Bev Conolly agony auntI have grave misgivings about anyone who claims, "I could stop doing X, if she'd only stop driving me to it, by doing Y".

First of all, you should be very clear on one point: she's not responsible for your behaviour. You are.

The only one who can make you act a certain way is you. In this case, you feel unworthy of her, so you're *choosing* to disbelieve her when she says she's not cheating on you.

The way out of this is for you to remove whatever barrier it is that makes you feel unworthy of her love. Either that, or you move along and let her have a life with someone who doesn't feel a right to invade her privacy to "prove" anything.

What seems to have been happening so far is that she's omitting parts of the truth --usually that guys are attracted to her (Well geez, what a surprise! You said yourself she's beautiful)-- and you're re-writing her omissions into some sort of guilt, because you don't want to admit to your own feelings of inferiority.

But so far you don't have a shred of evidence of any cheating. So, in other words, you're accusing her wrongly because you're insecure and then going stalkerish over your own, unfounded fears, while blaming her for "lying".

And she's still with you, huh? Well, then, she must like you a lot. Bear that in mind.

You need to recast her behaviours into honest ones: By not mentioning that guys are drooling over her as she minds her own business in life, she's probably trying not to rile you up. This is likely a long-established behaviour, since she can't change the fact that's other guys find her beautiful too. Most likely this is a way to distract herself and you from unwanted attention from other men. And that's GOOD! She's trying to consider your feelings, right? She can't help how she looks and she can't control the way other men look at her.

Remember that, unless you want to try to talk her into gaining 50 pounds, smearing limburger cheese into her armpits and wearing a potato sack, so that you don't have any competition. A beautiful woman is going to turn other men's heads. Get used to it, or leave.

The answer to this problem is not talking with her. She doesn't need to modify her behaviour, (except perhaps later, when you've dealt with YOUR problem, and she can then safely tell the full truth about her day). This isn't even *about* her, in reality. Your girlfriend isn't not doing anything except trying to avoid repercussions from YOUR insecurities.

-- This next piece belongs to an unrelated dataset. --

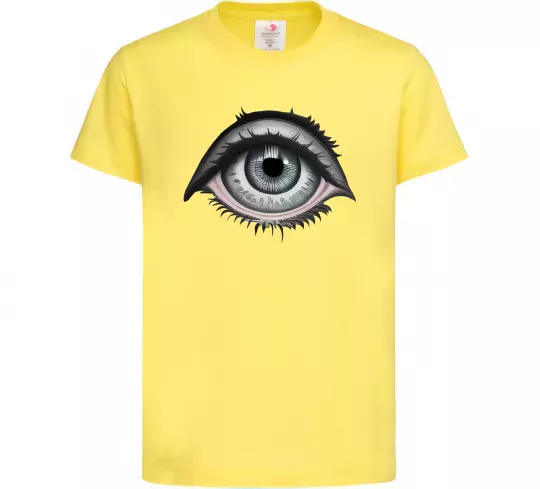 Дитяча футболка Око з віями Лимонний фото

So the real solution is to understand your own fears and recognise where they originate, so you can deal with them rationally. You need to work out why you don't feel good enough for her and why you think she'd cheat on you.

Is it just because she's beautiful? Plenty of gorgeous women fall in love with ordinary-looking men. That's because women care a lot more about what's inside a person. If she loves you, then she loves who you are, not what you look like. (Maybe you could take a lesson from that.)

You're the only person who knows what your fears are. You need to do some introspective thinking (I like long drives, or long walks for this. Somewhere where you can talk to yourself and think out loud.) and think about why you're behaving irrationally, and decide for yourself if you can accept that she's beautiful and trust her as you would anyone else.

If you can't, I think you have to be strong enough to admit that, and look for love elsewhere. The alternative is a future filled with challenges, recriminations, finger-pointing and argument.